Scaling Kafka Brokers in Cloudera Data Hub

Scaling Kafka Brokers in Cloudera Data Hub

Inevitably in any production deployment, the number of kafka nodes required to maintain cluster changes. Balancing performance and cloud costs requires that administrators scale up/scale down accordingly.

This blog post will provide guidance to administrators currently using or interested in using Kafka nodes to maintain cluster changes as they scale up or down to balance performance and cloud costs in production deployments. Kafka brokers contained within host groups enable the administrators to more easily add and remove nodes. This creates flexibility to handle real-time data feed volumes as they fluctuate.

Goal

Kafka as an event stream can be applied to a wide variety of use cases. It can be difficult to define the proper number of Kafka nodes at the initialization stage of a cluster. Inevitably in any production deployment, the number of Kafka nodes required to maintain a cluster can change. Balancing performance and cloud costs requires that administrators scale up or scale down accordingly. For instance, there may be a few weeks or months that are peak times in the year and the baseline might require different throughputs. So scaling would be useful in many cases.

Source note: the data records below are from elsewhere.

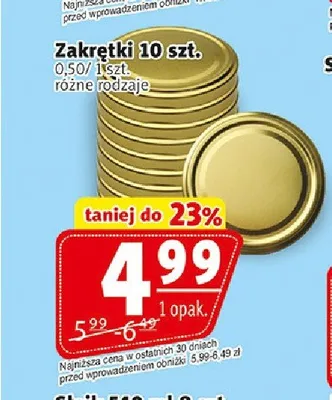 Zakrętki 10 szt. promocja w Prim Market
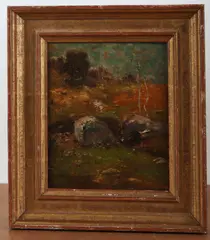 Landscape Painting with Rocks by Edward Gay, oil on wood panel, sold Jan 2025
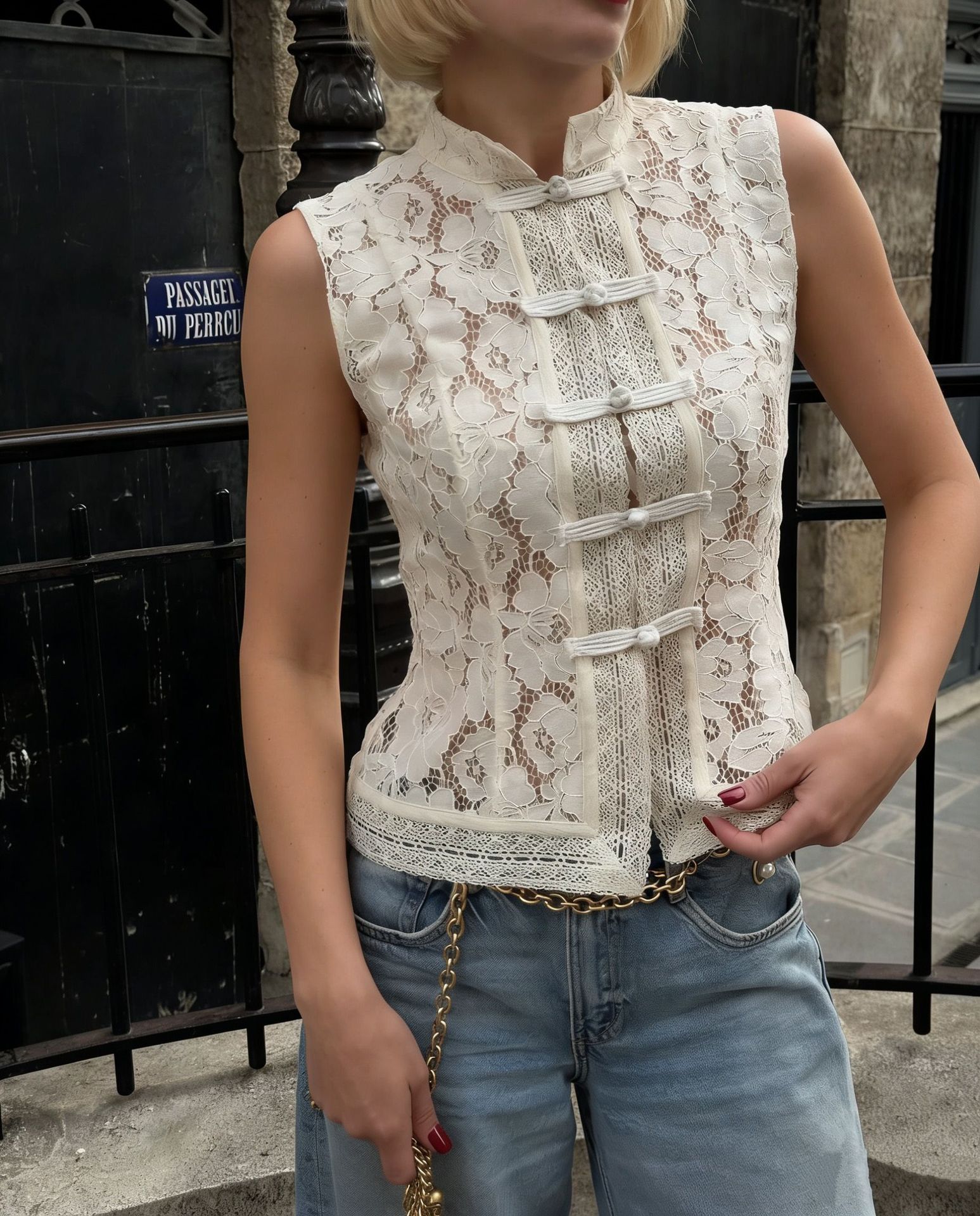Lace Crochet Stand Collar Slim-Fit Sleeveless Top – 3 Colors, S–L
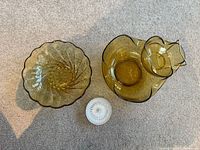 Amber glass platter, chip and dip set, one clear coaster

From the “scaling up” point of view, sometimes there will be new tasks for Kafka to handle and one or a few nodes may become overloaded. For example, three nodes could handle the load when a business just started; in contrast some time later the volume of data to manage can increase exponentially, so the three brokers would be overloaded. In this case new Kafka worker instances have to be added. It can be a hard task to set up brokers manually, and if it is done then another problem to solve is to reallocate duty/load from existing brokers to the new one(s).

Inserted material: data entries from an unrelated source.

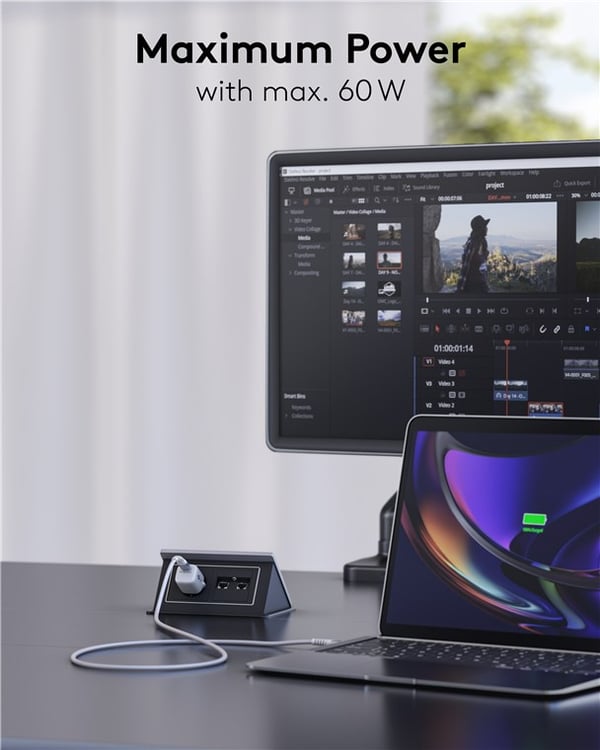 USB-C™ supermyk tekstilkabel med metallkontakter, 2 m, hvit
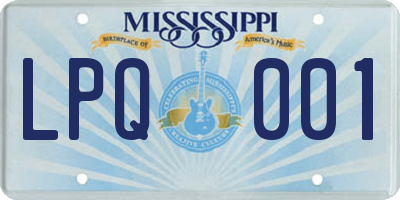 MS license plate LPQ001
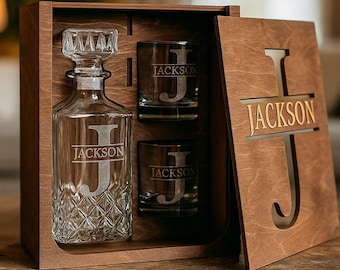 Personalisierte Whisky-Glas-Dekanter-Set, maßgeschneidertes Geschenk für ihn von Kindern Tochter Sohn, für Geburtstag, Hochzeit, Vatertag, Weihnachten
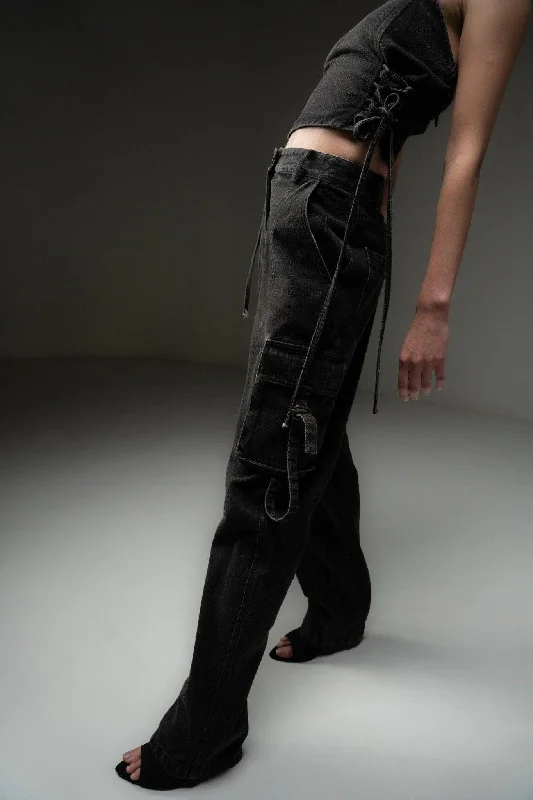 BLACK DENIM CARGO PANT Relaxed High-Waist Trousers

Furthermore, from the “scaling down” point of view, we might realize the initial Kafka cluster is too big and we would like to reduce our nodes in the cloud to control our spending. It is really hard to manage this way since we have to remove everything from the chosen Kafka broker(s) before the broker role can be deleted and the node can be erased.

The scaling functionality addresses this need in a secure way while minimizing the possibility of data loss and any other side effects (they can be found in the “scaling down” section). Cloudera provides this feature from the Cloudera Data Platform (CDP) Public Cloud 7.2.12 release.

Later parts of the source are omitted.